[Opening Source information section]
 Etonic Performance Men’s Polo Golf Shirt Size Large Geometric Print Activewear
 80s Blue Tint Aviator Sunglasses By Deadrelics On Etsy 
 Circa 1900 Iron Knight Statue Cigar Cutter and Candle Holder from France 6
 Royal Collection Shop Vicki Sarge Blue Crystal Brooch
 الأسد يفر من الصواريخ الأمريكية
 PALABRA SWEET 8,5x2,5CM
[Closing Source information section]
* Work item *
Please make an exact copy of the lines from the one holding "Circa 1900 Iron" through the final line of the records above, nothing more.

* Solution for this exercise *
 Circa 1900 Iron Knight Statue Cigar Cutter and Candle Holder from France 6
 Royal Collection Shop Vicki Sarge Blue Crystal Brooch
 الأسد يفر من الصواريخ الأمريكية
 PALABRA SWEET 8,5x2,5CM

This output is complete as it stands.